Step 3 — Classify the failure
| Signal in log | Cause | Fix |
|---|
exited with 137, Killed, "Out of Memory"/"OOM" in Build system report | OOM — next build --webpack peak RSS > 16GB build container | experimental.webpackMemoryOptimizations: true in next.config.mjs (already applied — see History). If it recurs: drop entries from experimental.optimizePackageImports (it raises build memory), or raise the build machine memory tier in Vercel project settings. Do not raise --max-old-space-size past the container — that makes OOM worse. |
Type error: / tsc failure | Build-time type-check (next.config.mjs re-enables it unless NEXT_SKIP_BUILD_TYPECHECK=1) | Fix the type locally: npm run type-check. Never set ignoreBuildErrors: true (SYN-877 shipped broken code that way). |
[drift-check] ✗ / "column ... missing" | Live Supabase DB is behind prisma/schema.prisma | Apply the migration out of band via Supabase apply_migration (NEVER prisma db push). The drift gate in scripts/build-with-migrations.sh is correct to block. |
Module not found: Can't resolve '<node builtin>' in Edge compilation | A node-only dep pulled into the Edge/instrumentation bundle | Alias it to false for nextRuntime === 'edge' in the webpack() hook (pattern already there for @linear/sdk, crypto). |
Serverless Function ... exceeds 250 MB | Binary deps traced into the Lambda | Add to serverExternalPackages + outputFileTracingExcludes in next.config.mjs. |
P3005/P3009 (and build continues) | Unbaselined _prisma_migrations ledger — expected, not a failure | None. The build script tolerates it by design; the drift check is the real gate. |
| Build exceeds 45 min / timeout | Usually source-map upload or runaway step | Confirm Sentry webpack plugin stays disabled (see next.config.mjs footer). |
OOM is the recurring one: the app keeps growing, so the webpack build drifts
toward the memory ceiling and goes flaky (same commit passes on retry, fails
on the next). A green retry is not a fix — treat any 137 as a real regression.

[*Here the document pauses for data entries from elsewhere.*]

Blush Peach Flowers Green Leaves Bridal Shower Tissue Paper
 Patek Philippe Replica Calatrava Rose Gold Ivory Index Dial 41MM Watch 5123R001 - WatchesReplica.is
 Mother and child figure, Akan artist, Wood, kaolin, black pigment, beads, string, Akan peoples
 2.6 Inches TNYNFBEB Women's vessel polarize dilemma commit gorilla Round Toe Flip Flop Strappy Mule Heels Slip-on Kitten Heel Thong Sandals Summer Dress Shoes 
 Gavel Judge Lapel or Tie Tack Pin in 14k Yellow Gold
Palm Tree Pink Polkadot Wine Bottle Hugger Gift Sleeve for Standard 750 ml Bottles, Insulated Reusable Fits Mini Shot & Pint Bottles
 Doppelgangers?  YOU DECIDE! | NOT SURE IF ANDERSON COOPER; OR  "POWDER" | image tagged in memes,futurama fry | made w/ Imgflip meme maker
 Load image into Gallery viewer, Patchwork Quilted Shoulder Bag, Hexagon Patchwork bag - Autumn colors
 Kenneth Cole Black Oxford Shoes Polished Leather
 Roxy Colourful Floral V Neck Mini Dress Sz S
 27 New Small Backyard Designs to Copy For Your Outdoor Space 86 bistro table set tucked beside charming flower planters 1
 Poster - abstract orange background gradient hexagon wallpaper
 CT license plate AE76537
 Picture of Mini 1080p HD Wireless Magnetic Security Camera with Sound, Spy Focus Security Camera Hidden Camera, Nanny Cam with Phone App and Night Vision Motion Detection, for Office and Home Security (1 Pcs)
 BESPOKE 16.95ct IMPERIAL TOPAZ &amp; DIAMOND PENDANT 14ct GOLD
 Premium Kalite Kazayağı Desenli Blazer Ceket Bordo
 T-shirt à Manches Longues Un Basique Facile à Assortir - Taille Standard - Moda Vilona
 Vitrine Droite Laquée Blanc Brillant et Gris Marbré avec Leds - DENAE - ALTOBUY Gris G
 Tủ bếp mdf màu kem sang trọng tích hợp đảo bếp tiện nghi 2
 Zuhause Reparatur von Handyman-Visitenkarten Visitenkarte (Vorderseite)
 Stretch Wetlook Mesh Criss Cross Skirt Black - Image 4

Step 4 — Fix, then verify locally before re-deploying
npm run type-check && npm run lint && npm test
For OOM specifically, reproduce the memory profile locally when possible:
NODE_OPTIONS=--max-old-space-size=8192 npx next build --webpack
Commit with the issue id, push, then re-run Step 1/2 against the new deployment
and confirm READY (not ERROR) before claiming done. Paste the deployment
state line — per .claude/rules/verification-gate.md, a "fixed" claim needs
the tool output that proves it.
History (so we stop relearning this)
- 2026-06-17 — Production
synthex builds failed from commit ca63dc17
(#516) onward with exit 137 / OOM; last green was #515. Cause: cumulative
app growth pushed next build --webpack past the 16GB container. Flaky at the
ceiling (69ce505e produced both an ERROR and a READY deployment). Fix:
experimental.webpackMemoryOptimizations: true. The failures were not
caused by the code in the intervening PRs — they were memory-ceiling drift.